When an 'a ref is contained in a larger structure, MLton may be  
clever enough to embed the mutable pointer directly into the  
structure. It can only do this if the structure lives on the heap.  
For example, if you have a datatype or tuple that includes a mutable  
pointer, MLton might choose to put the mutable pointer directly  
inside the object. MLton never copies an object with an embedded  
mutable pointer, as this would be violate the 'every binding is a  
pointer' interpretation. Unfortunately, if you ever need to make  
another binding to these embedded refs, this optimization cannot be  
applied due to MLton's GC (no pointers to the inside of an object).

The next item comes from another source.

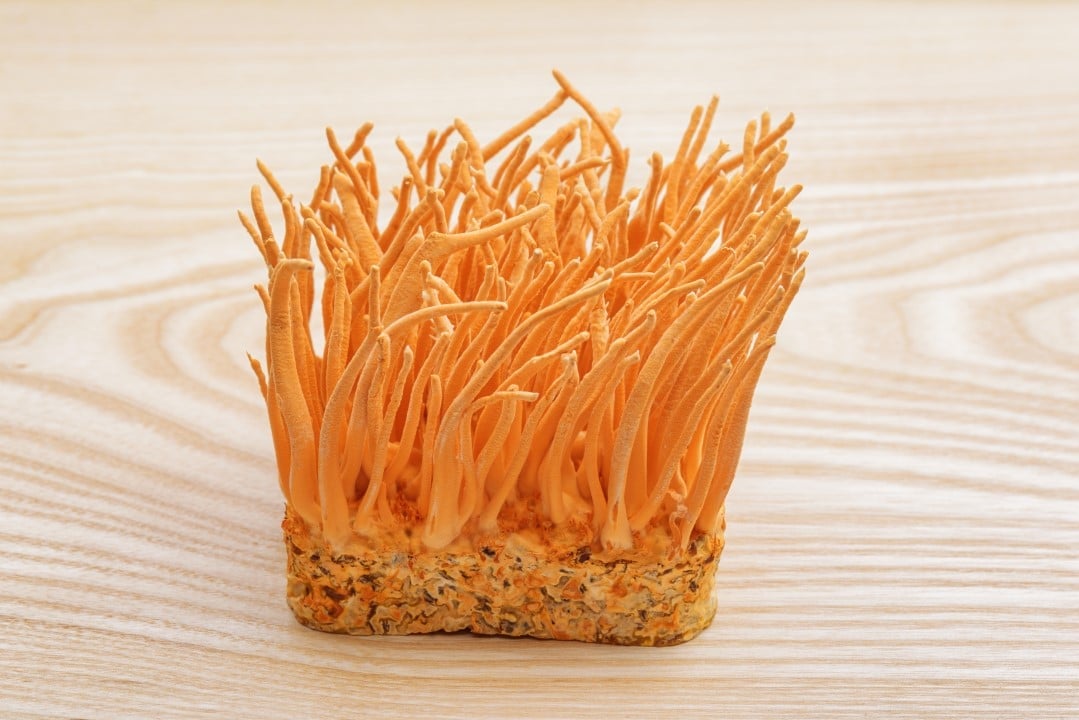 Fungo Cordyceps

'a array is similar, except that MLton can safely embed all the  
references in the containing vector. This is safe, because there do  
not exist functions to make an 'a ref from the cell of an array. This  
is not the case with 'a ref vector. Here, the user might copy a ref  
binding out of the vector, which forbids MLton from embedding the  
reference into the vector, due to the GC.

In fact, MLton is so clever that it can often apply both  
optimizations at the same time. For a int array, MLton knows it can  
use the array cells (the mutable pointers) to just store the int in  
place of the mutable pointer. Thus, int array works as you would like  
it to with the FFI. However, from a conceptual point of view, there  
are still the two levels of pointers. Similarly, with a datatype  
containing an int ref, MLton may just place the int directly into the  
datatype. Modifying the ref cell modifies the value in the datatype.  
This object will never be copied and the user cannot not make new  
bindings to the embedded ref (or this optimization would not happen).

So, there's a reason it's confusing: it is complicated! Conceptually,  
the 'every binding is a pointer' and 'a ref introduces a mutable  
pointer' are correct. However, in practice, both of these pointers  
can often be eliminated completely by MLton.